For anyone who loves marmite this is a dream! It gets gobbled up so quickly because you can just keep pinching at it here and there, with the rationalisation that if you haven’t had a whole slice you haven’t really eaten much right? Before you know it it’s all GONE!
- 260g strong white bread flour
- 125g plain flour
- 240ml water
- 7g fast action yeast
- 2 tbsp sugar
- 3/4 tsp salt
- 2 tbsp unsalted butter (melted)
- Beaten egg (to brush on top)
- 100g grated cheese, plus a little extra to sprinkle on top (I used cheddar but you could probably use any hard cheese)
- 3 tbsp of marmite, plus extra to drizzle on top (warmed so it’s nice and runny – also you can use more or less according to your taste)
- pepper (to taste)
1) Mix flours, yeast, sugar and salt. Ensure yeast does not directly touch the salt!
2) Add water and melted butter
3) Mix and knead til smooth and passes the window pane test.
4) Let rise in a bowl covered with cling film for approximately 1 hour or doubled in size.
5) Roll into a rectangle
6) Brush with warm marmite (mixed with a little water to thin), then sprinkle over cheese. Sprinkle with a bit of pepper to taste.
7) Have the long side facing you. Cut the dough into 6 strips. Stack these strips on top of each other. You should now have a tower of 6 strips.
8) Cut your tower into 6 roughly equal pieces. This might be a bit messy or it might not look the most even but that doesn’t matter, it adds to its charm!
9) Grease a loaf tin. Stack the squares on their sides into the loaf tin. They should all be lined up, touching but not tightly pressed together as you need to leave room for them to rise a little. Sprinkle a little extra cheese on top.
10) Let rise for 40 mins whilst covered to rise. Meanwhile, preheat oven to 180C.
11) Bake for 35-45 mins.
12) Drizzle with marmite to finish…
Voila! Tear and share.
TIP: As you can see from my picture the tin was too small, that is why the sides are bursting to get out. I had that small tin and a tin that was just too big. None were a perfect sized tin. But I made a variation of this recipe using lemon and lime and put a bit of scrunched up foil at one end of the too-big-tin to help the loaf hold its shape.
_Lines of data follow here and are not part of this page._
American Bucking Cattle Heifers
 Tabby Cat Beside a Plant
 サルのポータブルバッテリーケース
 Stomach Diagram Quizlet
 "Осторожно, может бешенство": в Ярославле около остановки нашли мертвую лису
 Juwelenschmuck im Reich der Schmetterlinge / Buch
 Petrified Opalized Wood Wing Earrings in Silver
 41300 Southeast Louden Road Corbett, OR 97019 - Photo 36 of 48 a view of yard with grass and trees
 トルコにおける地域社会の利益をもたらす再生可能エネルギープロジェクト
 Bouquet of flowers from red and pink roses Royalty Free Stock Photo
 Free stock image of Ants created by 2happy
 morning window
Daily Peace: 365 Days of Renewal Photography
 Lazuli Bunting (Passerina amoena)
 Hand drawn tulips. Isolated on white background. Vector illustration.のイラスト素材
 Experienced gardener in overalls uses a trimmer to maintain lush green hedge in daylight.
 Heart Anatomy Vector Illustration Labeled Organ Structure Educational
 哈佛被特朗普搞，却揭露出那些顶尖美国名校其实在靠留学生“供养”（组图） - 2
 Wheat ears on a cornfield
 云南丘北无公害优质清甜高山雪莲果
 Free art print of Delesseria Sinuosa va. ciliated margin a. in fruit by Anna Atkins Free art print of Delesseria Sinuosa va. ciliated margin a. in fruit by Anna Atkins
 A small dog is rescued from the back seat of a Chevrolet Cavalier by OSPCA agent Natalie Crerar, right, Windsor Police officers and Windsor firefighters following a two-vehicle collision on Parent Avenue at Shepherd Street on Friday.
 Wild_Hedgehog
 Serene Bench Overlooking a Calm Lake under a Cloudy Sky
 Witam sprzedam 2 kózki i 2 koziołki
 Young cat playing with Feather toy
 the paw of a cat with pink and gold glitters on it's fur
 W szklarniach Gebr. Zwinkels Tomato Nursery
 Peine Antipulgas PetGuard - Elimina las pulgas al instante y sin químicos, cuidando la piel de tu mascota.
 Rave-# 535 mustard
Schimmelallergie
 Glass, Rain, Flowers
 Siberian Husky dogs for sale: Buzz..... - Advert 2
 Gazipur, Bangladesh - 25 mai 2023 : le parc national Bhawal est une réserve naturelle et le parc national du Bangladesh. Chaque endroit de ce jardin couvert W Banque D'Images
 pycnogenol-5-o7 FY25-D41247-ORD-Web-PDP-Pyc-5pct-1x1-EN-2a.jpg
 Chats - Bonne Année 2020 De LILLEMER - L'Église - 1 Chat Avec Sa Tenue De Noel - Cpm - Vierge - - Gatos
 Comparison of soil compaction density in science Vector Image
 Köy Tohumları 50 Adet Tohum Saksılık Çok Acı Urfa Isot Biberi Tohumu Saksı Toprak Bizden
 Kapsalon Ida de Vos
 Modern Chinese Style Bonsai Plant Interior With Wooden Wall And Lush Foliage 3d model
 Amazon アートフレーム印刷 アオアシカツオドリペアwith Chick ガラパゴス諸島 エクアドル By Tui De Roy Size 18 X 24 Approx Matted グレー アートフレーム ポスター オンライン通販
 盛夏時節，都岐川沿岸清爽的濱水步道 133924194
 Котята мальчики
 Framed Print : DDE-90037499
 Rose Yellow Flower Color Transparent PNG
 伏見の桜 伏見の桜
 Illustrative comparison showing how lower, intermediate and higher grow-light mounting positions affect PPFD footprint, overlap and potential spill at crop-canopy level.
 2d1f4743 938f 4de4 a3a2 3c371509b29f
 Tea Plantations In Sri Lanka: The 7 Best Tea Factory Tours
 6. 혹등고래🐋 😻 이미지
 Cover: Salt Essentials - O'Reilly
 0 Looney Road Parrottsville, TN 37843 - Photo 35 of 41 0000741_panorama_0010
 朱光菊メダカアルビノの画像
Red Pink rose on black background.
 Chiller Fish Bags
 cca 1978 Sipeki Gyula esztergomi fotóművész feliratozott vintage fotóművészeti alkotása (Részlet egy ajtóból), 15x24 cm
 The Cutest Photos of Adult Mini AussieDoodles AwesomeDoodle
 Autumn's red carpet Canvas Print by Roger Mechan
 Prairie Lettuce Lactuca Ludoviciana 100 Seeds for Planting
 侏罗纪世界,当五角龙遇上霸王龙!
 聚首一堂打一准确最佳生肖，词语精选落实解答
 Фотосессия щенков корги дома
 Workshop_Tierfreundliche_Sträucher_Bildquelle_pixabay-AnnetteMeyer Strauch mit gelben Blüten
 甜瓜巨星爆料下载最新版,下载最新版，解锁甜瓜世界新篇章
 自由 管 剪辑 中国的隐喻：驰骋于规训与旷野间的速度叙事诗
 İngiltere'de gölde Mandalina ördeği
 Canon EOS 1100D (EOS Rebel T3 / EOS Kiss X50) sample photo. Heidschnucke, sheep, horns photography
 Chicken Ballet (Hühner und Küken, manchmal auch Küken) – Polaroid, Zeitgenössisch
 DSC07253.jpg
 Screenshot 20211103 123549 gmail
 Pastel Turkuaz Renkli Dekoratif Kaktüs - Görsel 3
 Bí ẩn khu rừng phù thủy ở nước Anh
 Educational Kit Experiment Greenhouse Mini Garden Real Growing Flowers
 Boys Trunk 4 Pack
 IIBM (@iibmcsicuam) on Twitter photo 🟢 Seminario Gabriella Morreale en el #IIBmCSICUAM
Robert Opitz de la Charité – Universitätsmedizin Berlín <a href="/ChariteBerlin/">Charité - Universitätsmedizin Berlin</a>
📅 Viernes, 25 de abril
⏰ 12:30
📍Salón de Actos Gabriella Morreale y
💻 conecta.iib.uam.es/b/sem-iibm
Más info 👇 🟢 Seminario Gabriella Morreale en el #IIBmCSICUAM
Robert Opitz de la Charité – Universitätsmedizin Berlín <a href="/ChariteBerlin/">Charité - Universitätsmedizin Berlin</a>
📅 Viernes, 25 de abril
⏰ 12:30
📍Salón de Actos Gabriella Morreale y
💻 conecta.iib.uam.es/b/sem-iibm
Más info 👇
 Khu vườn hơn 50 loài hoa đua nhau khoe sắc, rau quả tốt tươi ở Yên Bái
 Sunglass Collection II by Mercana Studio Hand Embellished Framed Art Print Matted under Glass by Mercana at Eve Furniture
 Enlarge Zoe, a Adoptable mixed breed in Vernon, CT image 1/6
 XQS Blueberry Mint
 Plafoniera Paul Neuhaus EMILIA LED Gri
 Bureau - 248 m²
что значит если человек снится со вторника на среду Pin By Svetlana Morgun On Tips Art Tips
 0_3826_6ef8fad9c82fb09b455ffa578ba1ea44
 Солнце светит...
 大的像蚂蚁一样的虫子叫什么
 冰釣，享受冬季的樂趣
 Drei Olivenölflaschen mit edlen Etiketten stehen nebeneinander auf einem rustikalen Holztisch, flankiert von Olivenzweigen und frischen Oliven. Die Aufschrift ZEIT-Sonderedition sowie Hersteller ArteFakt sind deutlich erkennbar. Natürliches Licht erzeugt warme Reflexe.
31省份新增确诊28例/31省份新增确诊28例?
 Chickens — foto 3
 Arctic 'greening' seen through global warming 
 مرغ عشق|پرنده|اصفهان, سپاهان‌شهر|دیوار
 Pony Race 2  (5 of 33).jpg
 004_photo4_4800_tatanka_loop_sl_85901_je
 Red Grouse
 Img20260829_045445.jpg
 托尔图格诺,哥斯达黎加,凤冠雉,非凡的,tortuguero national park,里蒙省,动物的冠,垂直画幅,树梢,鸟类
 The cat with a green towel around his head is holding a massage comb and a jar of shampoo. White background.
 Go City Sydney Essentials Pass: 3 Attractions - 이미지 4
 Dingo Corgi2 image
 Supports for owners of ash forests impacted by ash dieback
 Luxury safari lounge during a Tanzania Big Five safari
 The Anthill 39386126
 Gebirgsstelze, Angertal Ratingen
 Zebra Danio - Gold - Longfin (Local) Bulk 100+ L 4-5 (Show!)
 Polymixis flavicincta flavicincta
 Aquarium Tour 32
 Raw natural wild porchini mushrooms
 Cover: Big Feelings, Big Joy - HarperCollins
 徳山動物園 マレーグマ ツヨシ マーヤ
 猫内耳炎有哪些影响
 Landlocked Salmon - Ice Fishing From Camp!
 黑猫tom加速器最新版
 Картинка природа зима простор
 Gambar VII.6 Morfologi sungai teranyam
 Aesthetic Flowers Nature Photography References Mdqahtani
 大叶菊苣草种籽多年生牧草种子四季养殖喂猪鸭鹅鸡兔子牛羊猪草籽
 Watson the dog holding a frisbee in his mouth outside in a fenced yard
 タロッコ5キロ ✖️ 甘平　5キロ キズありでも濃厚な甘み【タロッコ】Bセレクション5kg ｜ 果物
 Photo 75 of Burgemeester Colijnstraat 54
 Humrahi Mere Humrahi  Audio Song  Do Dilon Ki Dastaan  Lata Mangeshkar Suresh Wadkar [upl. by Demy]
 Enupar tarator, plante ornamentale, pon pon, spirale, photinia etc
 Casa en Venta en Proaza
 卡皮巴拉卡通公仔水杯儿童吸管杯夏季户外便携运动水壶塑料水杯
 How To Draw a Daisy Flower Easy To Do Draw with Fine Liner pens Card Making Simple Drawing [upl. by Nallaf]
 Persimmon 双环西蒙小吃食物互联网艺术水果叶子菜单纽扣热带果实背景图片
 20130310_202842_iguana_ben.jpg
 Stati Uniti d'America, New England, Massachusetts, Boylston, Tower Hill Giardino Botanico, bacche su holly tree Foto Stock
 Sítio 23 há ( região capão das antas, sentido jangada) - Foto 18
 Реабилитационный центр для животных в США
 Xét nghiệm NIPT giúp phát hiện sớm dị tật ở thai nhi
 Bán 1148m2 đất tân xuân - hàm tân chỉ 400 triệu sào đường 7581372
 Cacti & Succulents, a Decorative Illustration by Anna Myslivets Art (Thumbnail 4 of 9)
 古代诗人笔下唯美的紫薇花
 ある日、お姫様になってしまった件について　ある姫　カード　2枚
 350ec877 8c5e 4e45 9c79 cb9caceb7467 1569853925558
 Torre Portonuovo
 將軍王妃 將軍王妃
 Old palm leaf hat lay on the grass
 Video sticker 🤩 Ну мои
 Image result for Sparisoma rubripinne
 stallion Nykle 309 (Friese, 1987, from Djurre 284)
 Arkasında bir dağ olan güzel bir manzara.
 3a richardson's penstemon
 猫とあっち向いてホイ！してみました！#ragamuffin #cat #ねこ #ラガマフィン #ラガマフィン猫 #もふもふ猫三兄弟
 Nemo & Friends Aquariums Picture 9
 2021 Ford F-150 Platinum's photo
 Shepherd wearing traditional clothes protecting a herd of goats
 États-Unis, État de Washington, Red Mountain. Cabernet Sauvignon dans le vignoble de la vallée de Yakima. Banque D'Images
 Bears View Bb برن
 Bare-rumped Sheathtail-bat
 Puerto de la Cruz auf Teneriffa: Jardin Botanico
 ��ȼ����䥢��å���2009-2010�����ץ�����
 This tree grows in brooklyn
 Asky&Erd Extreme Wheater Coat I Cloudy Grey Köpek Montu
In the end it was just right!
I wish I had a picture of the lemon and lime one, but sadly I lost the camera it was saved on. The recipe for the dough is the same but you can add poppy seeds (2-3 tbsp).
The lemon and lime filling was:
- 1 lime (grated rind)
- 4 lemons (grated rind)
- 40g melted butter
- 110g caster sugar
I will make it again and post a picture!
Thanks for reading! Has anyone got any other ideas for tasty fillings?